Tellement de vies ont été bouleversées, brisées, abrégées à cause d'une idéologie imposée puis acceptée par la majorité d'un peuple cultivé et discipliné, ce qu'il ne faut surtout pas oublier.
Avec Seules dans Berlin, Nicolas Juncker révèle non seulement un talent de dessinateur très original mais il réussit aussi une oeuvre d'historien que j'ai pu découvrir grâce à Vincent que je remercie.
Les deux femmes que tout oppose : une jeune russe, agent du NKVD, la police politique soviétique, et une berlinoise, bourgeoise qui aime un waffen-S.S. Toutes les deux, elles ont existé et ont livré chacune leur témoignage sur lequel Nicolas Juncker s'est appuyé pour bâtir son album.

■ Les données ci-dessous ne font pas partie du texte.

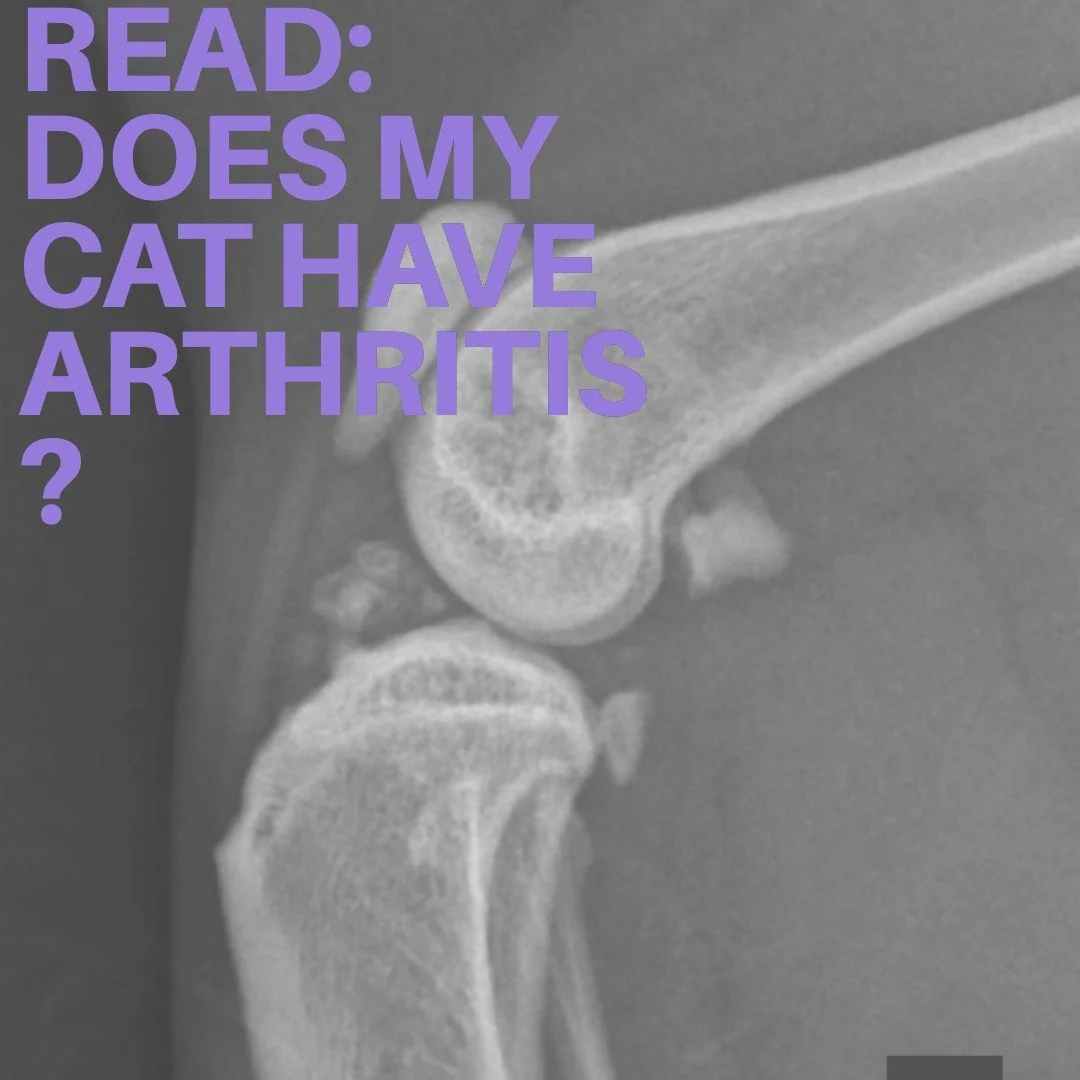 Picture of Does My Cat Have Arthritis? — Vetli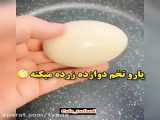 مرغ کوشین های قبلیم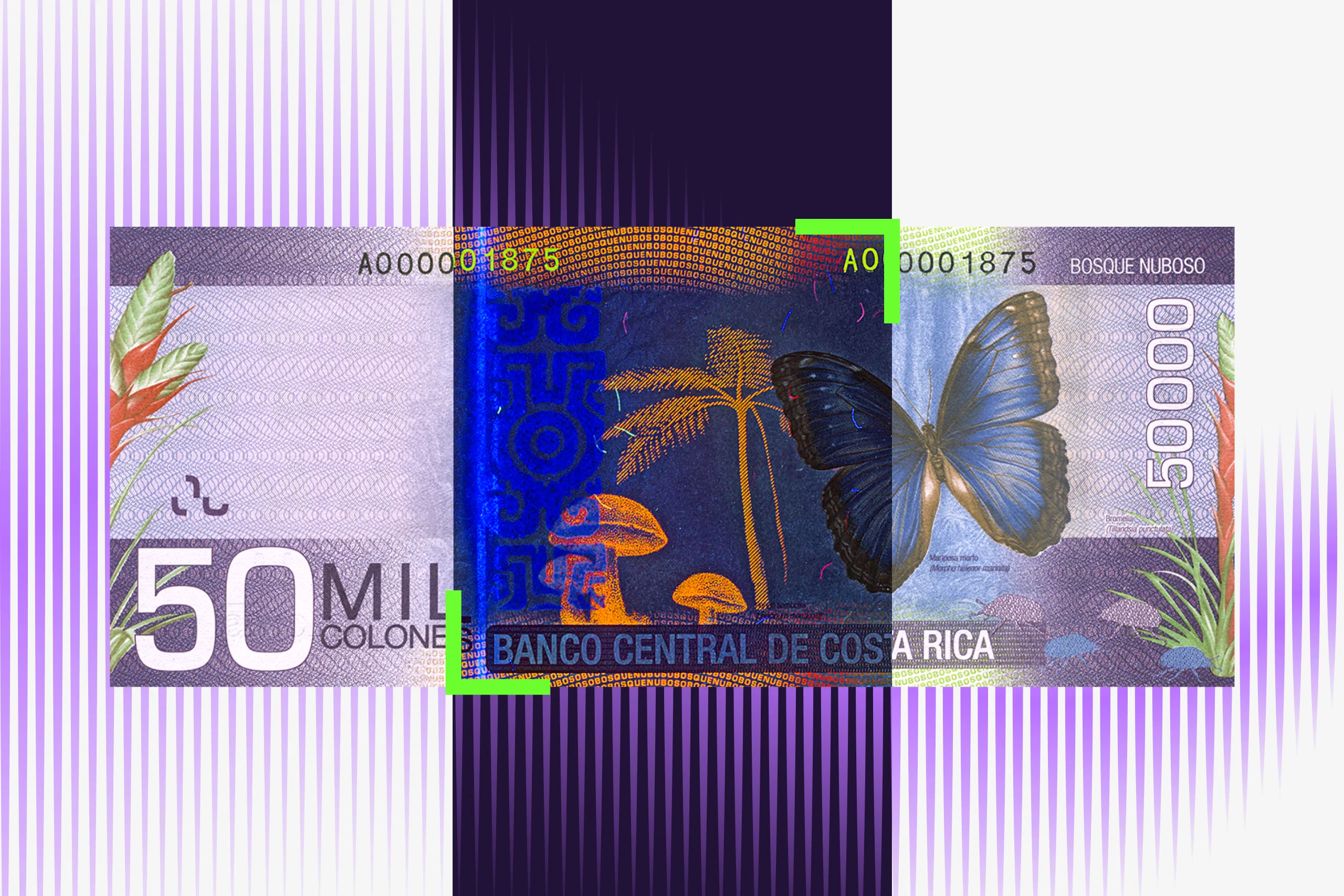 Most Beautiful UV Banknote Patterns | Regula Picks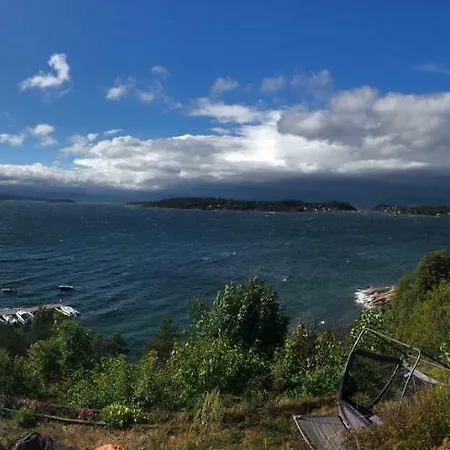 White Eagle By The Fjord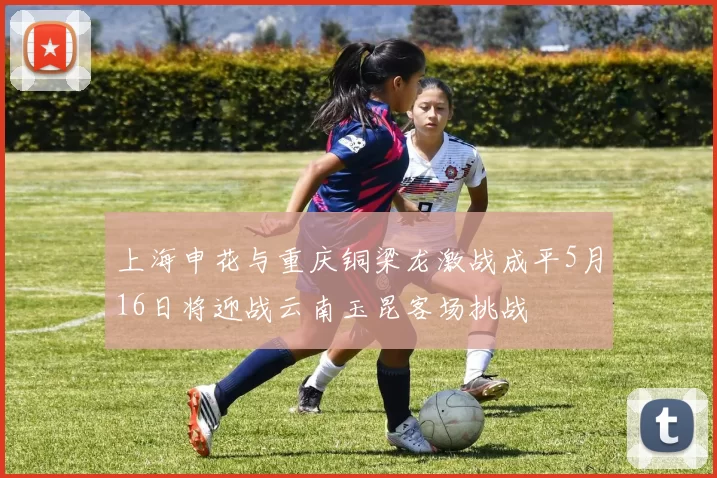 上海申花与重庆铜梁龙激战成平5月16日将迎战云南玉昆客场挑战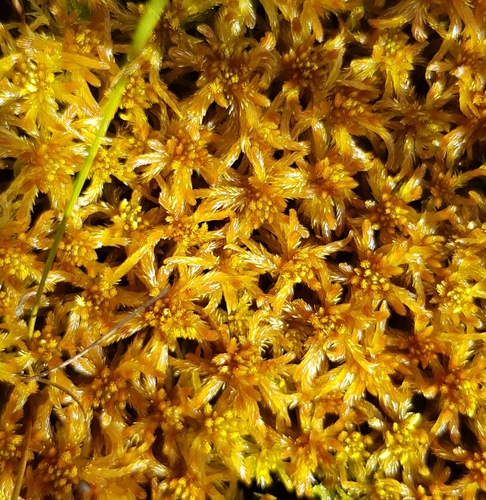 Sphagnum jensenii, 2024-08-25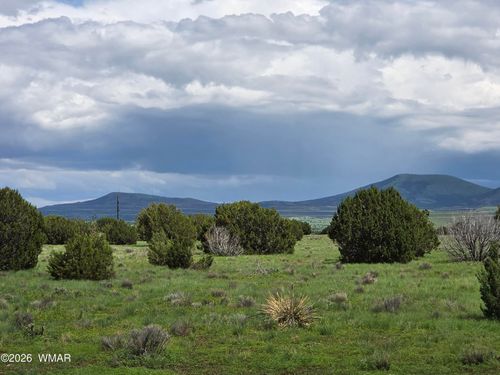 14 N3111, Vernon, AZ, 85940-5528 | Card Image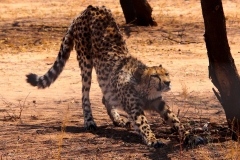 Namibia, Otjiwarongo, Cheetah Conservation Fund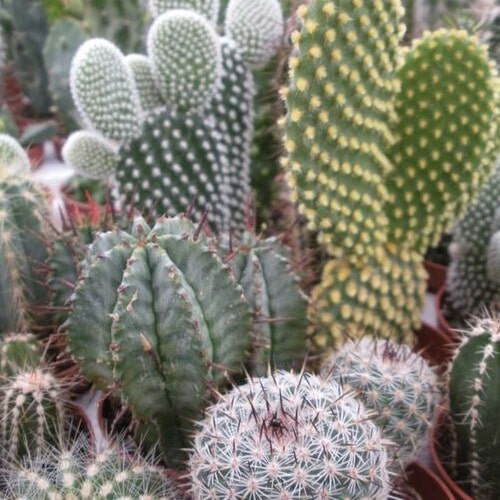 Floricultora Horto do Rossio - Cactos e Suculentas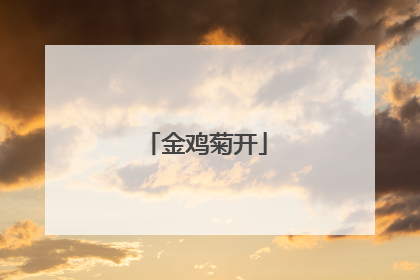 金鸡菊开
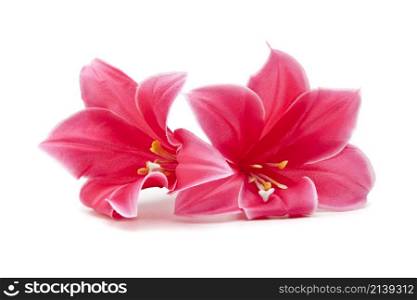 pink flower isolated on white background. pink flower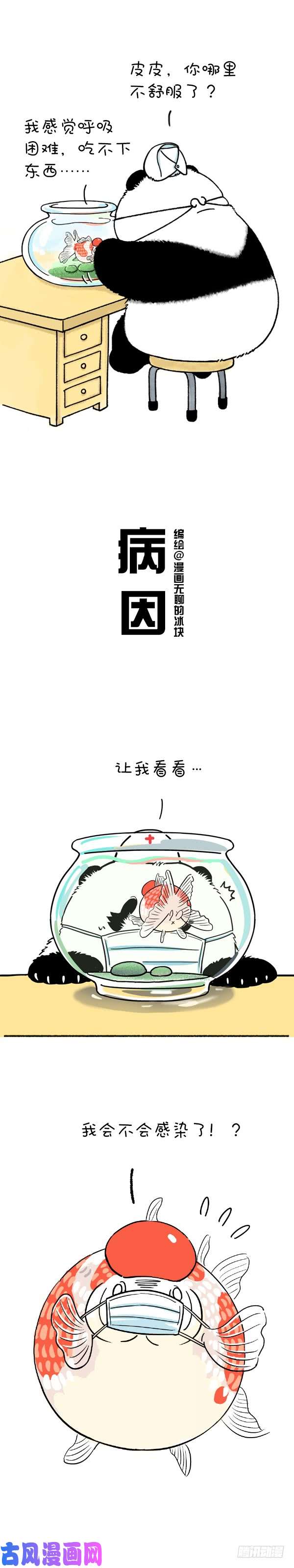 快把动物放进冰箱215我就是你的灵魂治疗思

En trois grandes parties se déroulant dans les derniers jours d'avril et au début du mois de mai 1945, ces deux vies qui se rencontrent, concentrent tous les drames et toutes les atrocités apportées par la guerre.
Dès le début, c'est Ingrid qui me plonge sans ménagement dans ce que vivent les Berlinois terrés dans leurs immeubles en ruine, dans des caves, alors que leur ville est bombardée et que les Russes approchent. Certains y croient encore comme Lothar, adolescent embrigadé dans les jeunesses hitlériennes. D'autres espèrent pouvoir manger avec l'arrivée de l'Armée rouge. Ingrid travaille avec le docteur Müssling pour la Croix-Rouge allemande.
Celle qui arrive avec l'armée russe est interprète. Malgré son appartenance au NKVD, cette police politique qui donnera le tristement célèbre KGB, Evgeniya Abramovna Levinsky, tente d'apporter un peu d'humanité au cours de ses rencontres.
Justement, pour se loger, elle se retrouve dans la même chambre qu'Ingrid Schneider (28 ans) puisqu'elle veut bien l'accepter. Evgeniya note tout car elle veut rédiger ses mémoires. Ses fonctions l'amènent au coeur du Führerbunker où elle est chargée de traduire les documents abandonnés par Hitler, Goebbels et consorts. Justement, où sont passés ces sinistres personnages ? Recherche et identification des corps ou de ce qu'il en reste sont bien démontrées par l'auteur.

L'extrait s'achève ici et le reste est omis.